Aid terrorist recruitment: Islamic fundamentalist terrorists will flock to the banner of the secular Baathists in droves. The same secular Baathists who attacked Iran, the very first "pure Islamic" nation in the modern world. The same Baathists who attacked Moslems in Kuwait. The same secular Baathists who murder Moslems within Iraq with impunity. In droves.

Worsen the Israeli/Palestinian conflict: Yes, the Israelis and the Palestinians are at war. Removing Iraq as major source of funding for the Palestinian's particular brand of terror will not worsen the situation, it will improve it. It may also have the effect of putting the fear of Allah into Syria, another butcher of Moslems and the source of Hezbollah's power.

Canberra, however, is in a unique position to try to slow the Bush administration's rush into another unnecessary war. Unlike Germany's Chancellor Gerhard Schroder, for instance, the Howard Government has resolutely supported Washington. Now that Australians, too, have suffered from the murderous hatreds loose about the globe, the Bush administration at least would have to listen.

The UK and Australia are both in a position to offer advice to the US. I agree that their position is unique among all of the nations of the world. I assume that both nations are in fact offering advice. I don't think that its advice of which Bandow approves, nor do I think that either of those friends wants to spend even a small amount of their good will with the US as Germany did through futile gestures.

The US and Australia have much in common – a shared ancestry, related culture, diverse geography, and joint commitment to the values of human life, dignity and freedom. That commonality now includes the enormous sorrow caused by young lives tragically cut short.

And Bandow argues that this common sorrow should cause both Australia and the US to turn away from the values of human life, dignity and freedom, cravenly slinking away in fear of an Arab Street that is, in Bandow's opinion, omnipotent, but in fact is wholly absent.

Yet security ties should serve a purpose, not exist as permanent institutions constantly seeking new justifications for their existence.

I agree that security ties should serve a purpose. The purpose they should serve is the mutual security interests of the parties to the security pact. Security ties should not serve to enable one partner to dissuade the other from pursuing its own security interests when those interests are not identical to both members.
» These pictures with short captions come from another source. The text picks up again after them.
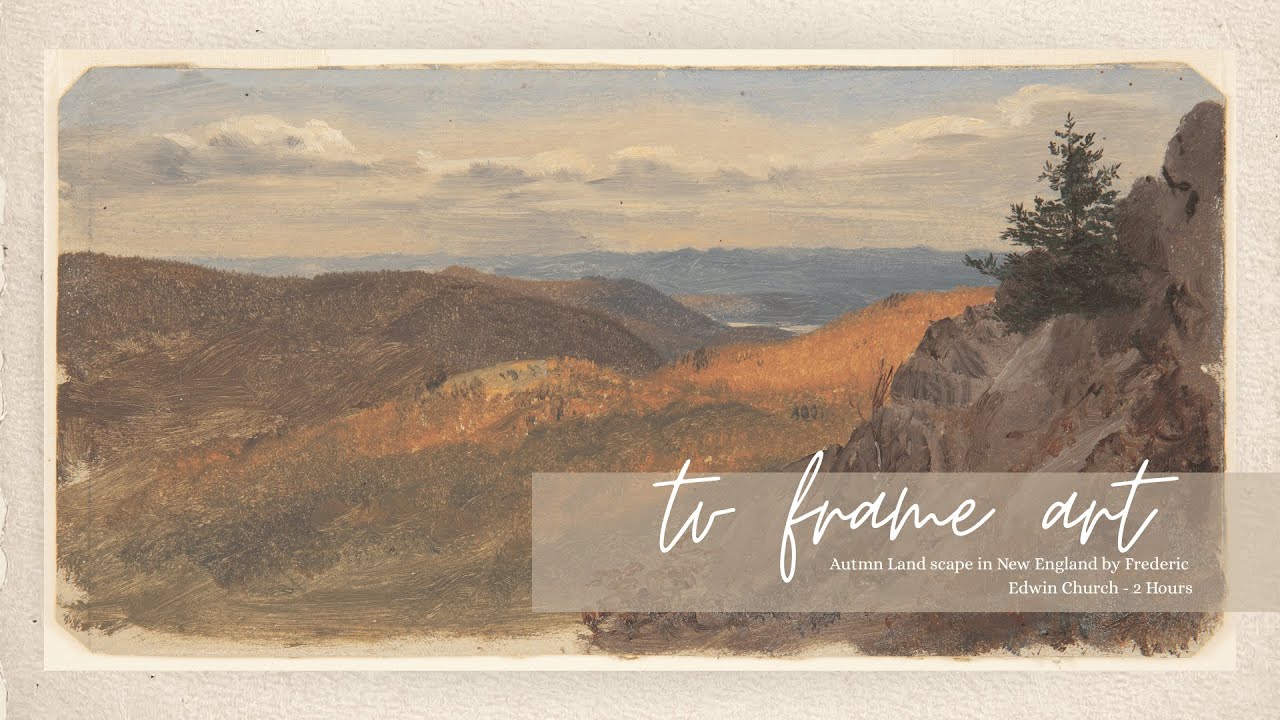 Frame TV Oil Painting Background | Autumn Landscape | Art Screensaver for TV | One Scene - 2 Hours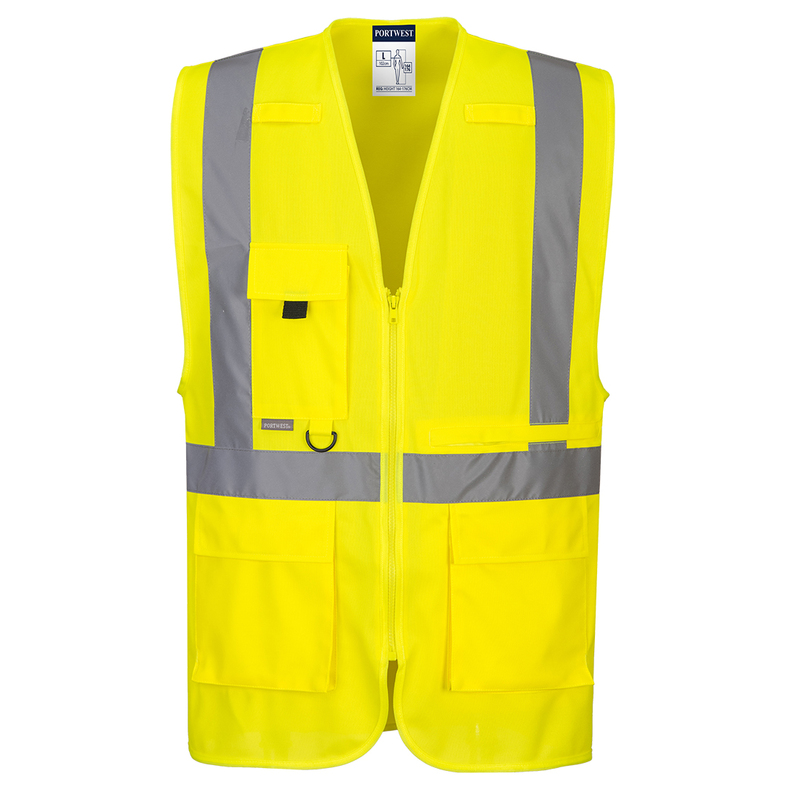 Portwest Hi-Vis Tablet Pocket Executive Vest 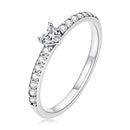 925 Sterling Silver Oxidized Ring with Pavé Setting CZ, Size 6 for Women-4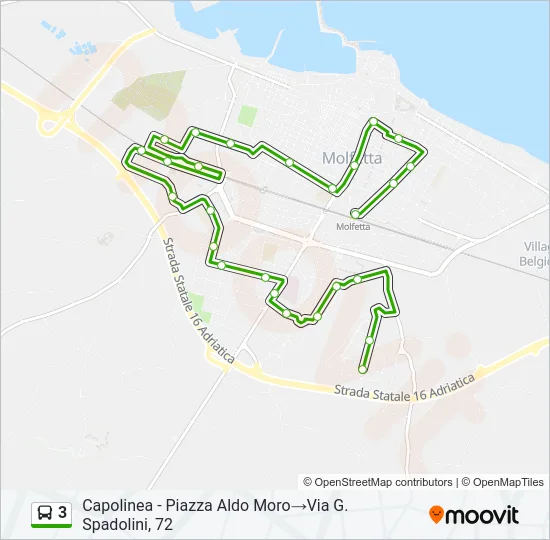 3 Bus Line Map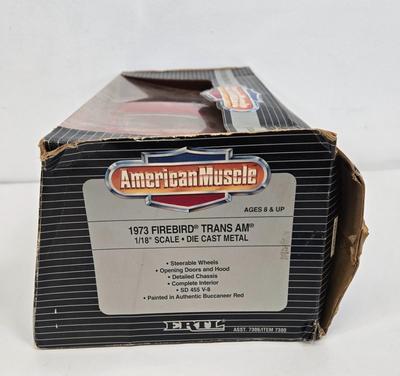 LOT 165: American Muscle 1970 Challenger R/T, 1955 Chevy Indy Pace Car, and 1973 Firebird Trans Am
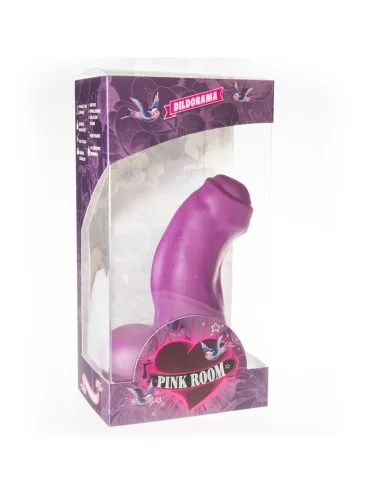 PINK ROOM NESTOR REALISTIC DILDO PURPLE 16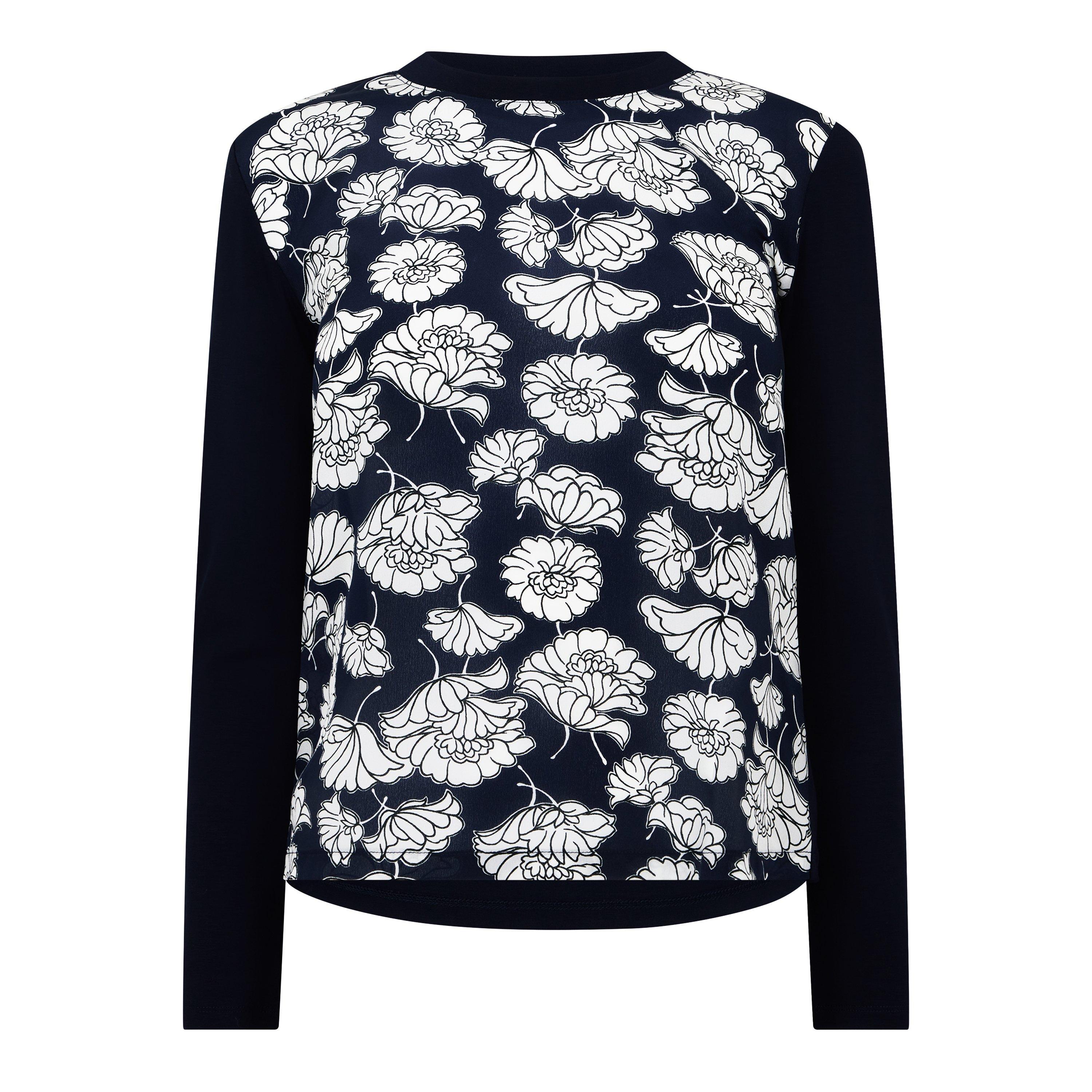 Navy 005 - Weekend Max Mara - Women's Calamai Floral Knitted Top - 5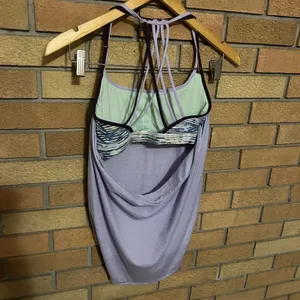 Lululemon Lighten Up Tank Lilac Blurry Belle Multi Deep Zinfandel Size 6 thumbnail 6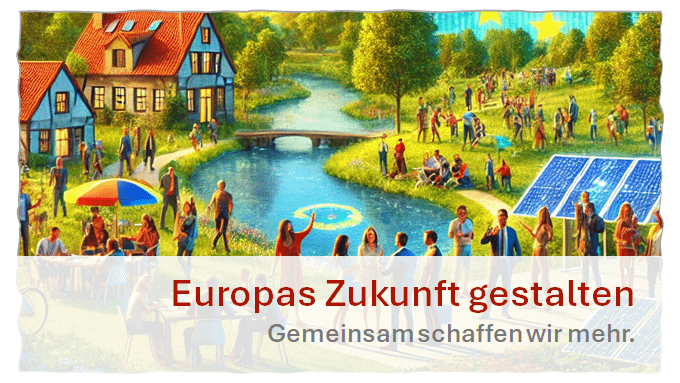 Europas Zukunft gestalten. Gemeinsam schaffen wir mehr.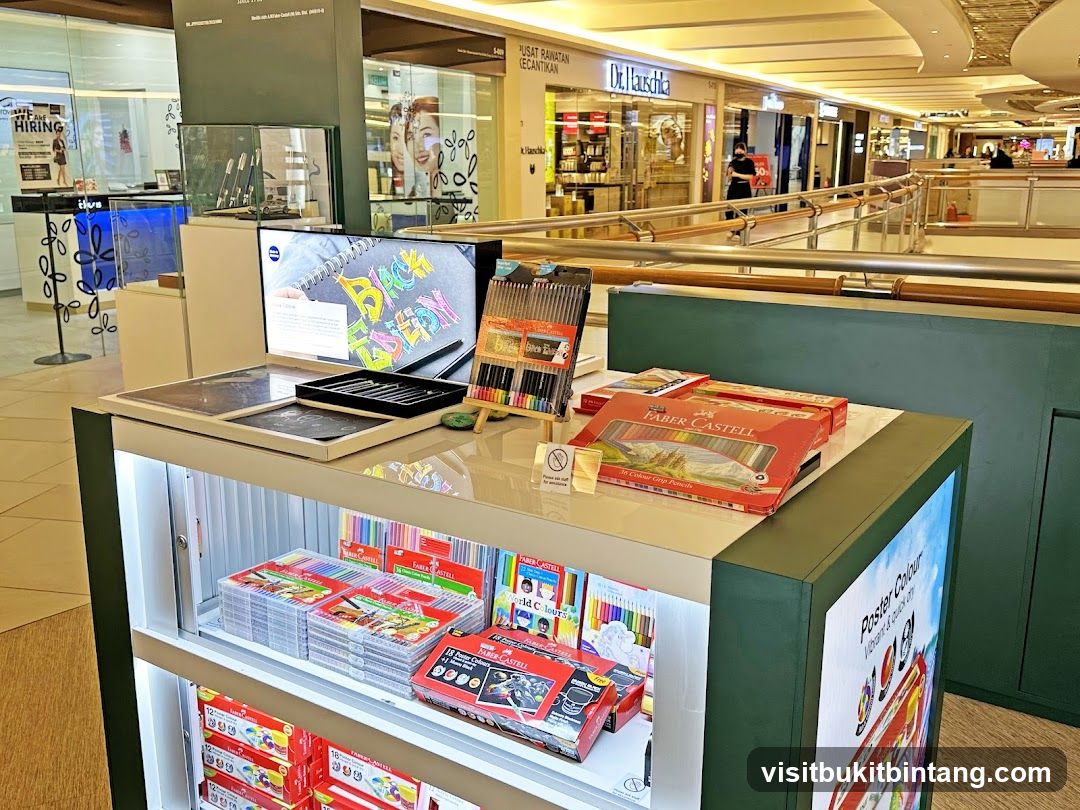 Art Supplies Display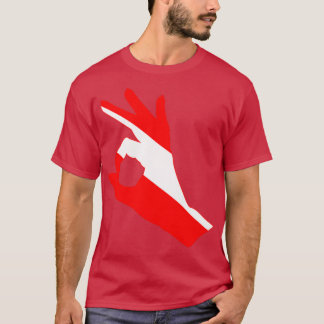 Camiseta Scuba Buceo Aceptar firma en los colores de la ban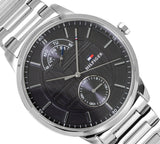  Shop Authentic Tommy Hilfiger Hunter Grey Dial Silver Steel Strap Watch for Men - 1791608 - Luxxuri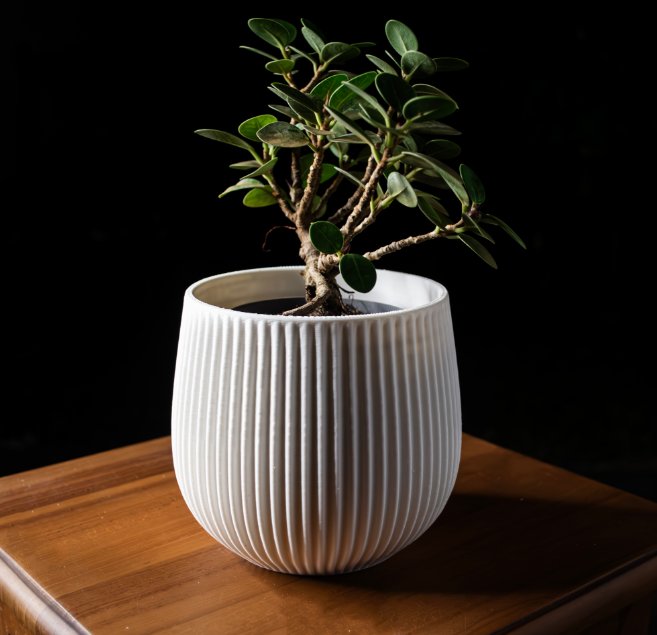 Maceta Moderna Estriada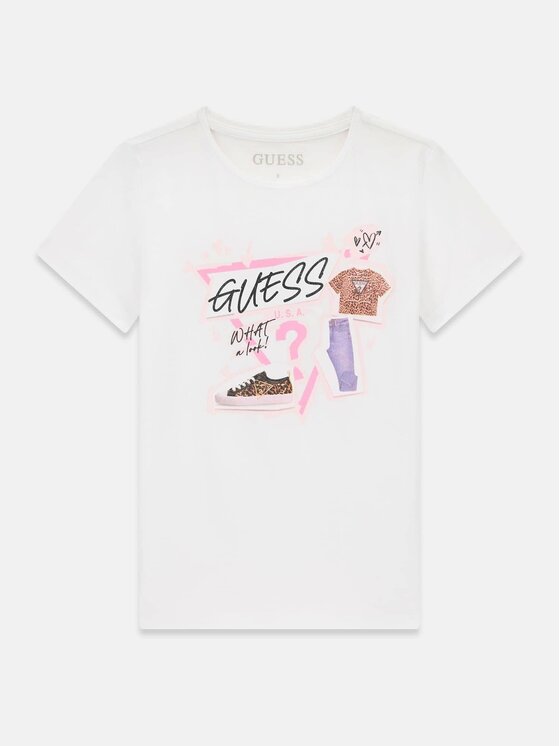 Guess Guess T-särk J6YI02 K3667 Valge Regular Fit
The fact that the NATO treaty was invoked after 9/11 (apparently) for the purpose of attempting to restrain, as opposed to assist, the US, has severely damaged NATO. I think that both the US and Australia realize that if Australia were to attempt to do the same thing, similar damage to the US/Australian relationship would occur. I think that both the US and Australia want to avoid that damage, and that therefore no such attempt at restraint will be made at all, much less made publicly.

The sort of threat reflected by the Bali bombing calls for a continued strong relationship, but one with a new division of labour. The two nations' partnership should evolve, reflecting changing strategic realities for both Canberra and Washington.

The world is changing, as it always has. The pace of that change is accelerating. All institutions, including nations and international organizations, must also change in response. So in that limited sense, Bandow is correct. But what he wants Australia to do in response to the bombing in Bali is to restrain and change what he perceives as America's misguided foreign policies. That should not happen. I trust that it won't.